Scott, if u take a closer look @ the specs, these nos are nominal values. They supposedly equate to actual 650-800 tpd, although i dont know what exactly is the diff between nominal and actual nos..:-s



scottw44 said:


> It's all a crap shoot with winders. It's just that I saw the # of tpd on the and the timing of the cycles and I prefer much less tpd...actually I prefer the least amount necessary to keep the watch wound. I also prefer long rest periods between cycles and on this unit the cycle is longer than the rest.
> 
> Hey, I dunno. I'm just some nut on the internet that likes watches.
> 
> ...


----------



## scottw44 (Aug 16, 2006)

Ok, so I decided to do a 24 hour test on my Wolf winder. I selected that winder as my Anonimo timing is the same on that winder or the wrist to the penny, so I thought it was a good place to start.

My Ball which gains slightly more than 1 second a day on the wrist, gained over 6 seconds on a winder that I know:

a) worked perfectly on my Anonimo
b) is putting out 600 tpd
c) has a proven track record with many people I know

All I can conclude is that either:

a) certain winders might work with certain watches better
b) Ball Watches don't like winders...can any others lend us empirical data-which might lead to a conclusion that Ball Watches like to be worn;-)

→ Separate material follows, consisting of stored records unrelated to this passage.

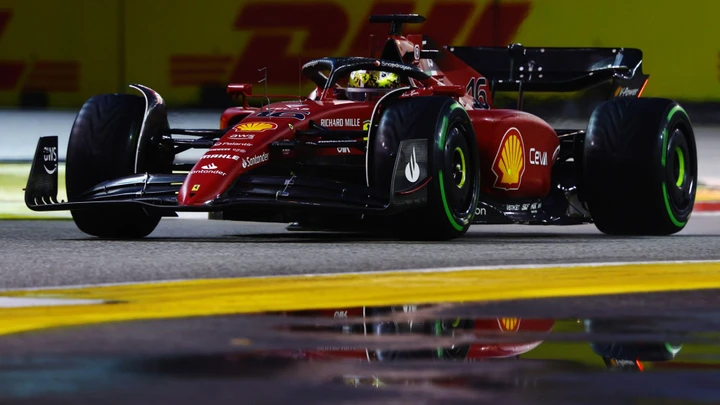 GP di Singapore: la pole position è di Leclerc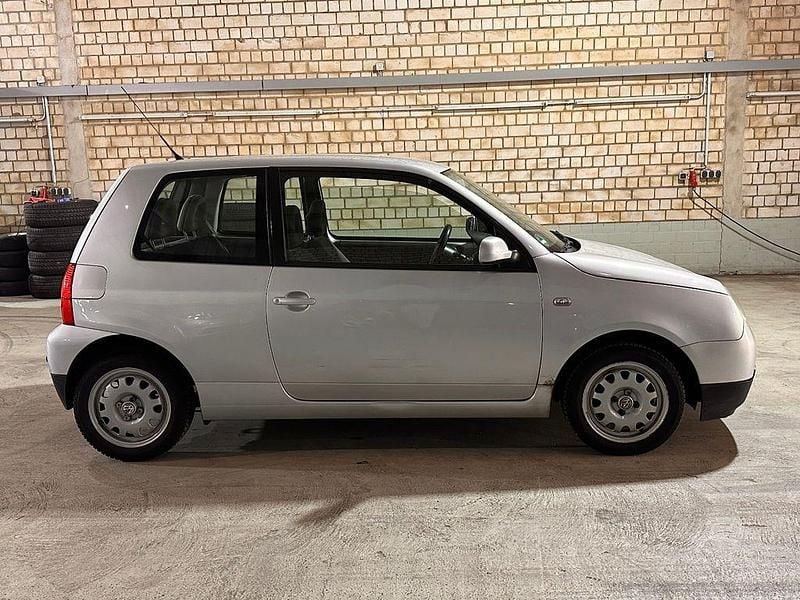Gebraucht VW Lupo 61 PS (44 kW) 2005 Silber Kleinwagen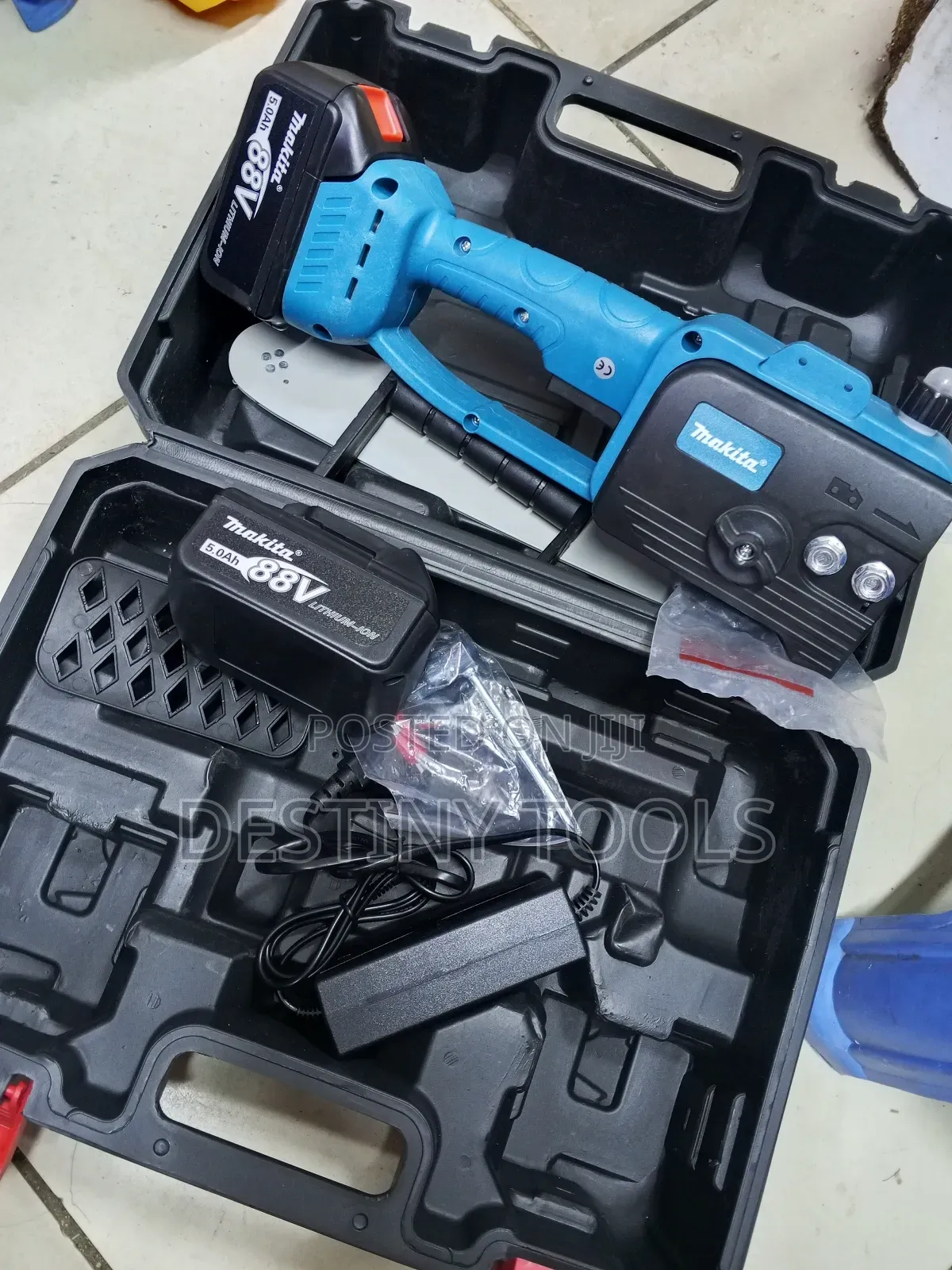 Makita Chainsaw 12inch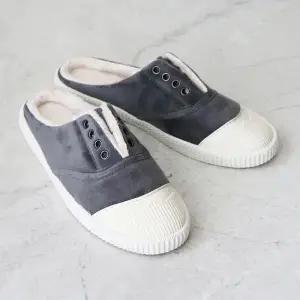 [롯데백화점]원더슈즈 국내생산 메리드 따뜻한 털안감 스웨이드 단화&블로퍼 2CM BD-CNK엘르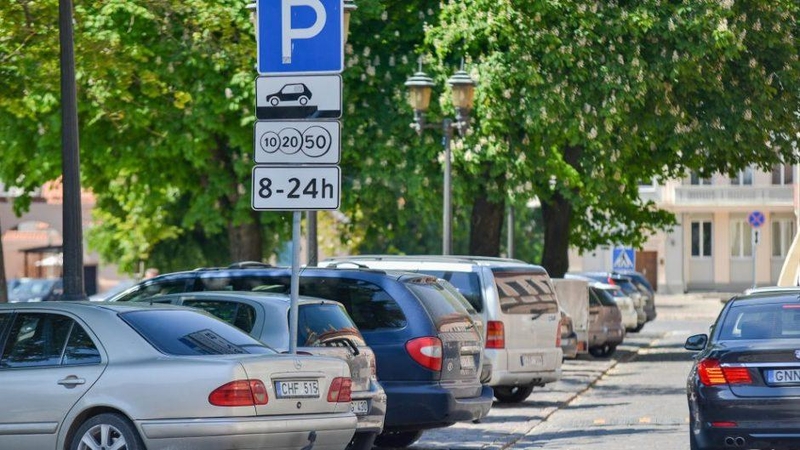 Svarbu vairuotojams: Kauno centre keičiasi automobilių stovėjimo tvarka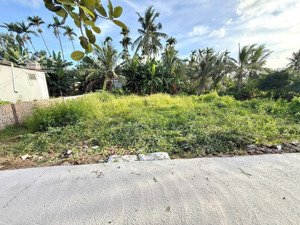 - bán lô đất tại an toàn, hòa nghĩa - dương kinh. còn một lô duy nhất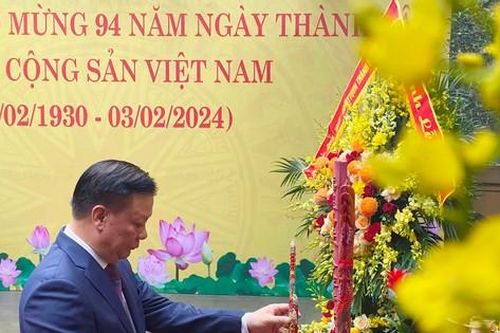 Bí thư Thành ủy Hà Nội dâng hương tưởng niệm cố Tổng Bí thư Trần Phú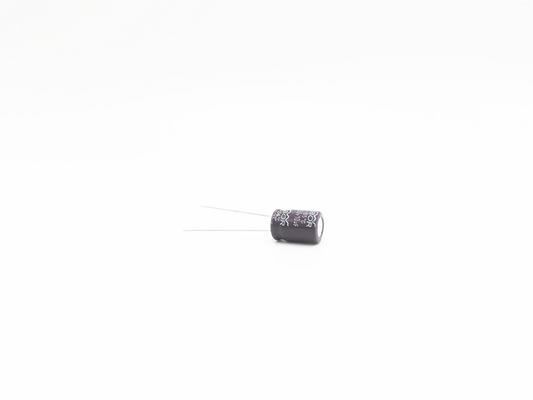 ตัวเก็บประจุแบบเรเดียลอิเล็กโทรลีติคอิเล็กทรอนิกส์ 10UF250V 10X16MM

I dunno...I'm just a nut with a keyboard that loves his Moonie and hated to see him sped up.

But I am a bit baffled:-s


----------



## sys12345 (Aug 30, 2007)

Scott, its great that u've done the test, now i know i'm not the only one having a watch accuracy issue with a winder. BTW, is yr winder set for directional or bidirectional winding? I'm wondering if it will make any difference? For watches that can be wound bidirectionally, is it better to wind it as such or select only a single direction?


----------



## sukispop (Nov 13, 2006)

sys12345 said:


> Scott, its great that u've done the test, now i know i'm not the only one having a watch accuracy issue with a winder. BTW, is yr winder set for directional or bidirectional winding? I'm wondering if it will make any difference? *For watches that can be wound bidirectionally, is it better to wind it as such or select only a single direction?*


From what I've heard, it's usually recommended to set your winder to spin bidirectionally for watches with rotors that spin that way. I have an ABest double winder which is set to spin clockwise for one rotation, rest for ~90 seconds, and then spin counter-clockwise for another rotation...rest for ~90, and then repeat its cycle. That seems to work well for all of my autos, which are all bidirectional. I also have an Orbita Sparta Deluxe, which runs on a completely different system. Instead of spinning the watch, the Sparta uses what's called the "Rotorwind" system. Every ten minutes, the drive motor makes a single turn, causing the watch to swing back and forth for several oscillations. This simulates the watch's motions if it were being worn on the wrist. I've found that this system works quite well for all of my autos as well.

;-)


----------



## sys12345 (Aug 30, 2007)

Geoff, any accuracy issue with your watches on the winder?



sukispop said:


> From what I've heard, it's usually recommended to set your winder to spin bidirectionally for watches with rotors that spin that way. I have an ABest double winder which is set to spin clockwise for one rotation, rest for ~90 seconds, and then spin counter-clockwise for another rotation...rest for ~90, and then repeat its cycle. That seems to work well for all of my autos, which are all bidirectional. I also have an Orbita Sparta Deluxe, which runs on a completely different system. Instead of spinning the watch, the Sparta uses what's called the "Rotorwind" system. Every ten minutes, the drive motor makes a single turn, causing the watch to swing back and forth for several oscillations. This simulates the watch's motions if it were being worn on the wrist. I've found that this system works quite well for all of my autos as well.
> 
> ;-)


----------



## scottw44 (Aug 16, 2006)

sys12345 said:


> Scott, its great that u've done the test, now i know i'm not the only one having a watch accuracy issue with a winder. BTW, is yr winder set for directional or bidirectional winding? I'm wondering if it will make any difference? For watches that can be wound bidirectionally, is it better to wind it as such or select only a single direction?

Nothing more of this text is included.